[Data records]

------------------------------------------------

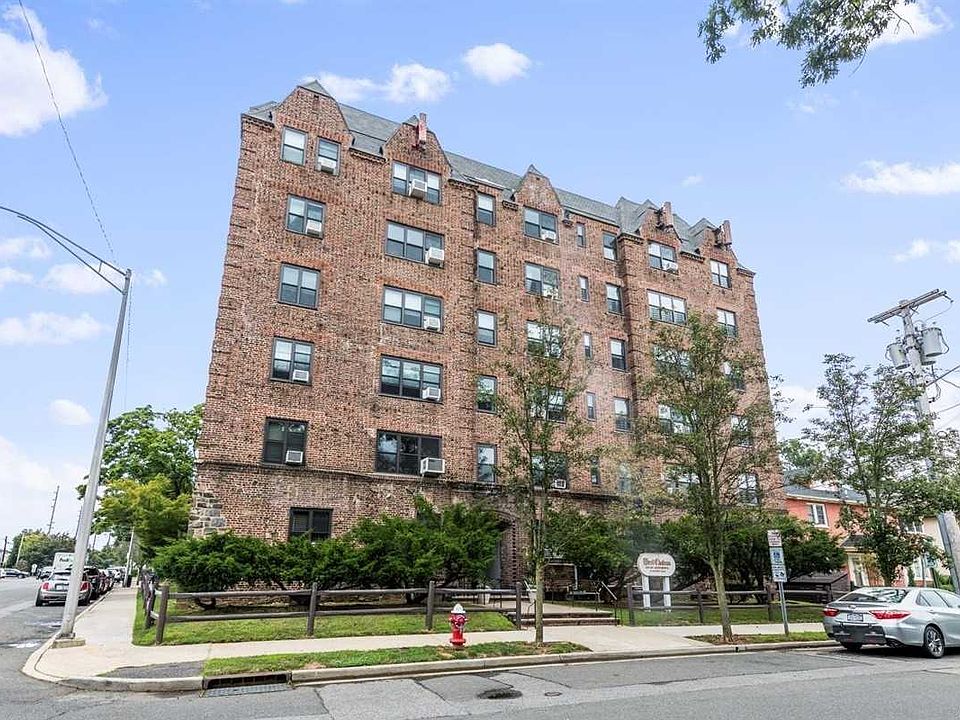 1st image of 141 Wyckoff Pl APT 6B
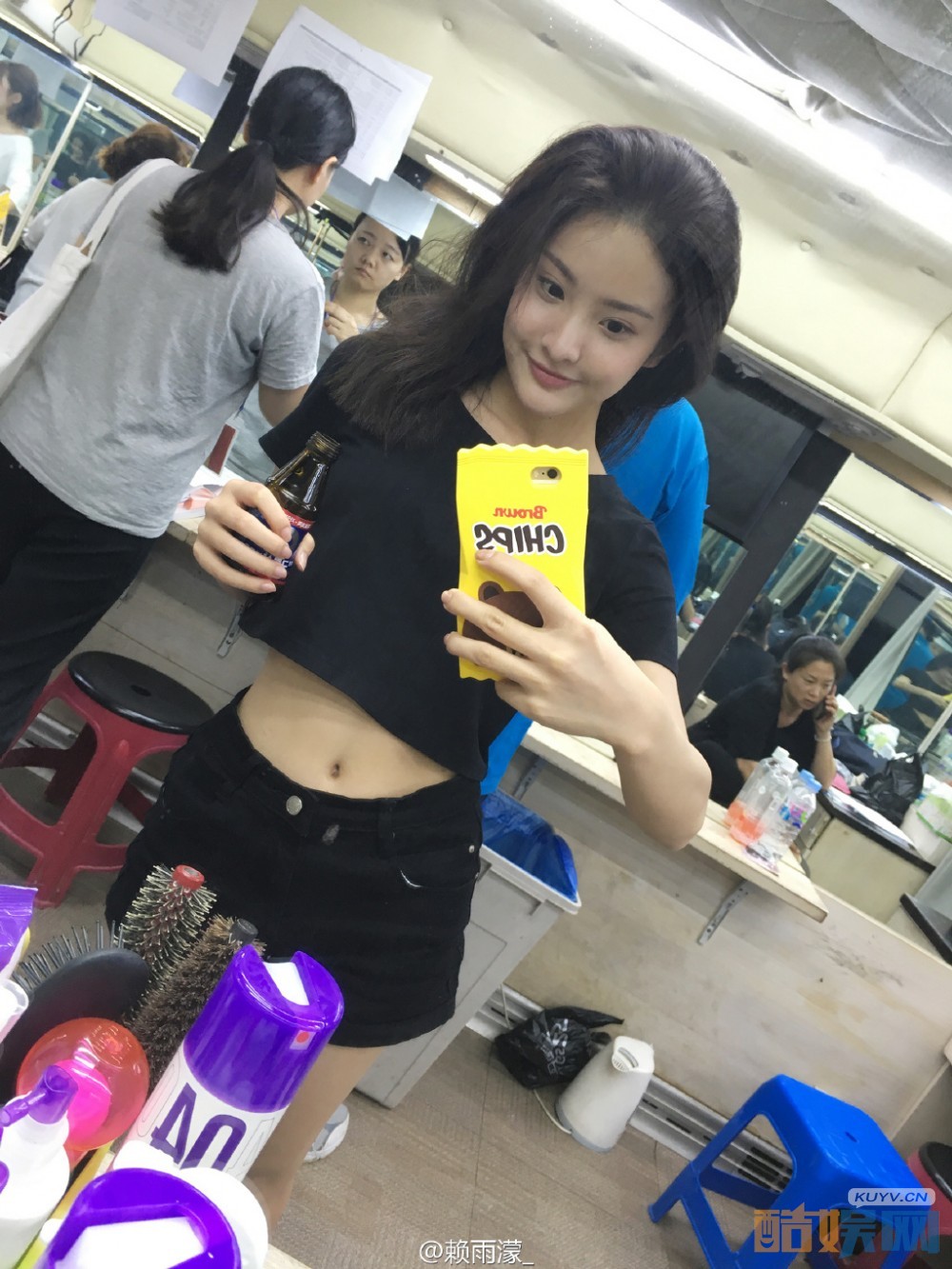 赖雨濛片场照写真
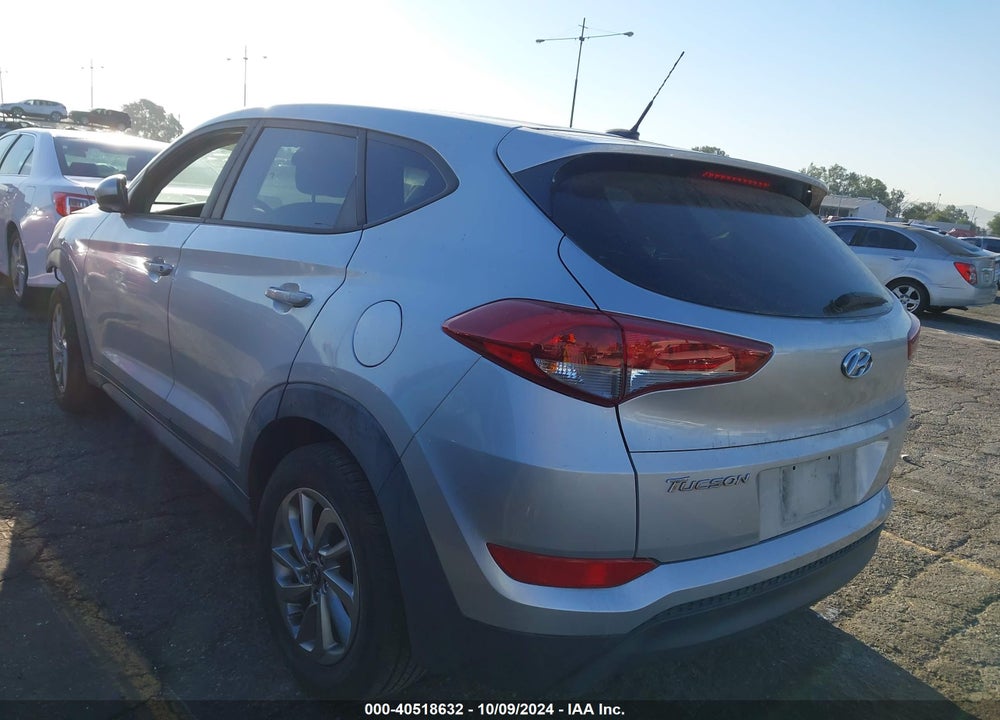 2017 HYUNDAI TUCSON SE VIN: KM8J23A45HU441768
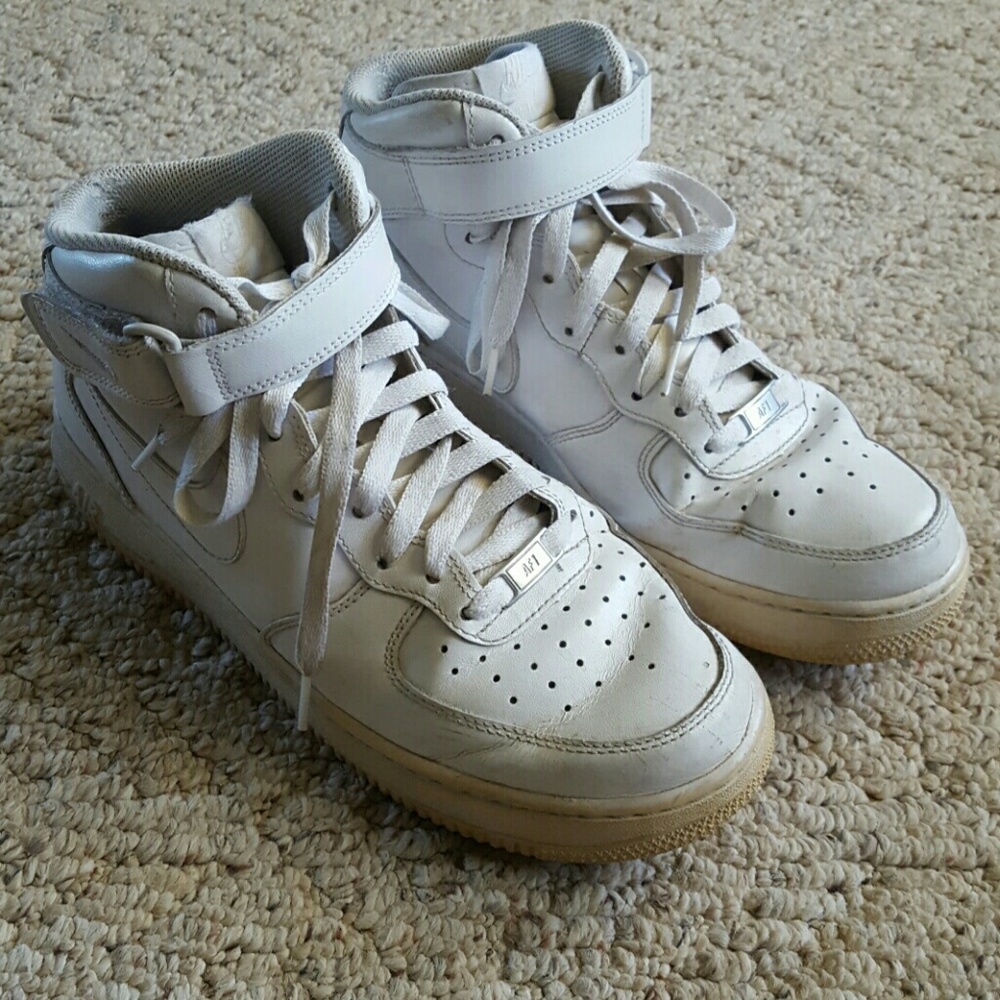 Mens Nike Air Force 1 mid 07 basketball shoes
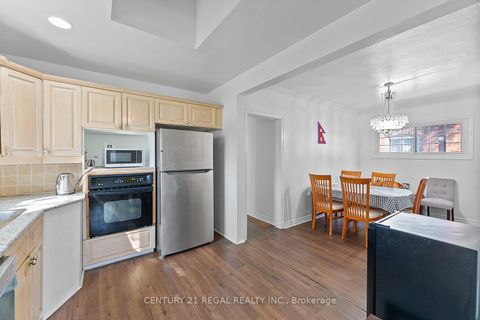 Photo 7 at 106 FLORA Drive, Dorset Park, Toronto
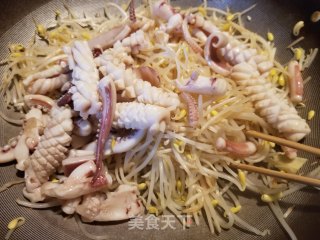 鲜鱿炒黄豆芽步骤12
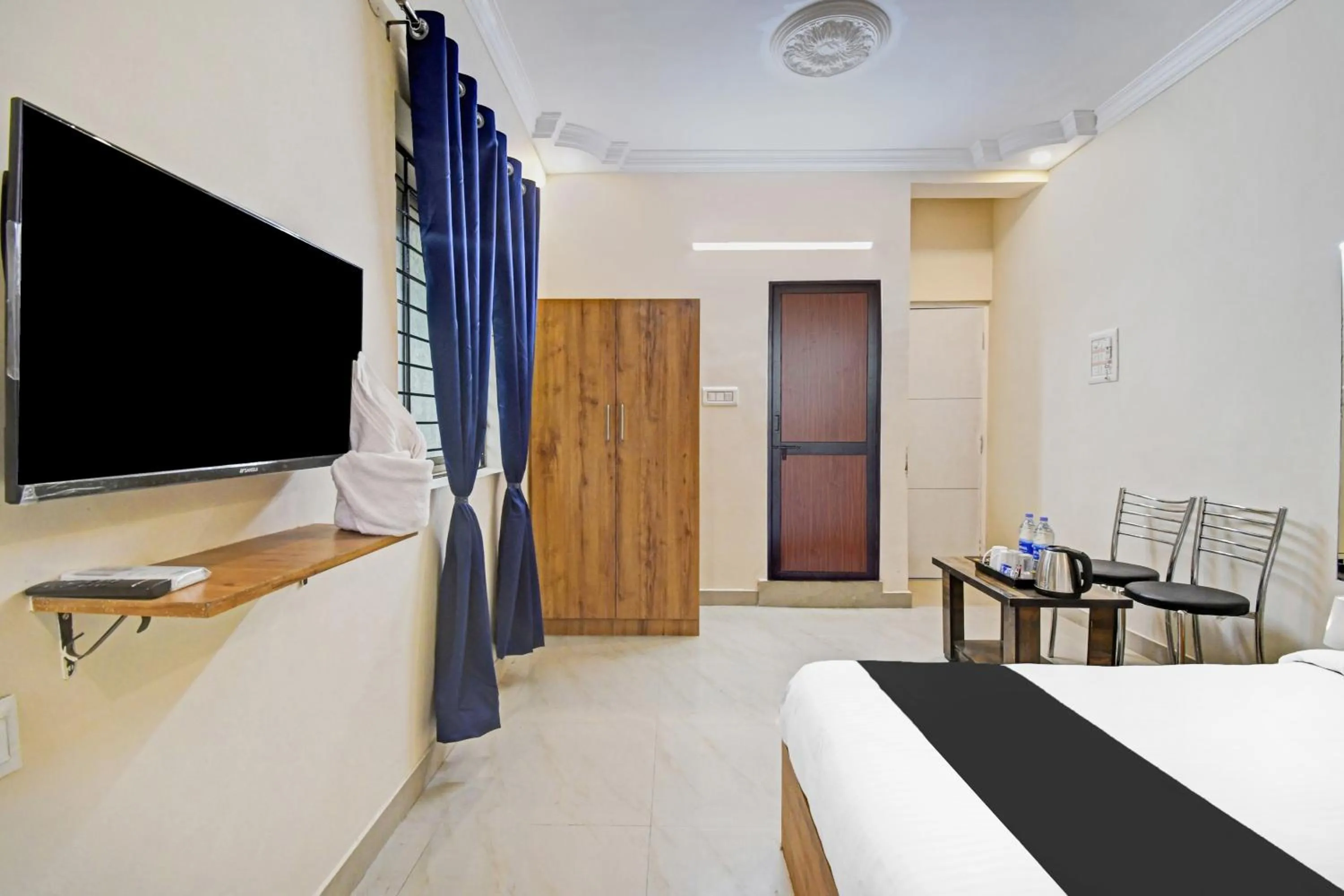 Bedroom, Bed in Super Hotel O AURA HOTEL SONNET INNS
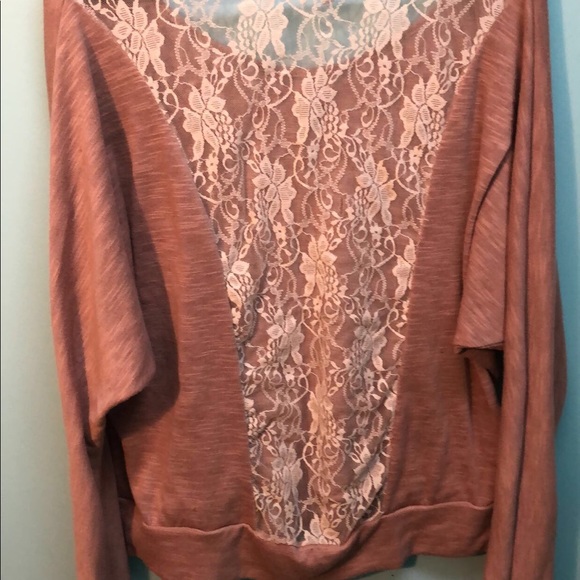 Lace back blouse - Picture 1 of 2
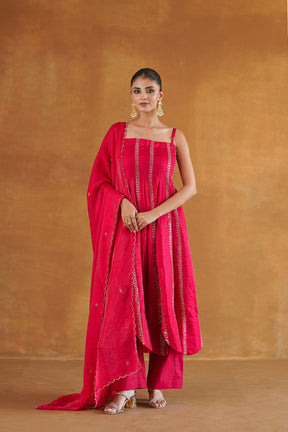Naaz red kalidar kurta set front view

------------------------------------------------

▶ _ACTIVITY_
Every entry above is to be transcribed exactly, with all pictures left out.

▶ _COMPLETED TASK_
 1st image of 141 Wyckoff Pl APT 6B
 赖雨濛片场照写真
 2017 HYUNDAI TUCSON SE VIN: KM8J23A45HU441768
 Mens Nike Air Force 1 mid 07 basketball shoes
 Photo 7 at 106 FLORA Drive, Dorset Park, Toronto
 鲜鱿炒黄豆芽步骤12
 Bedroom, Bed in Super Hotel O AURA HOTEL SONNET INNS
 Lace back blouse - Picture 1 of 2
Naaz red kalidar kurta set front view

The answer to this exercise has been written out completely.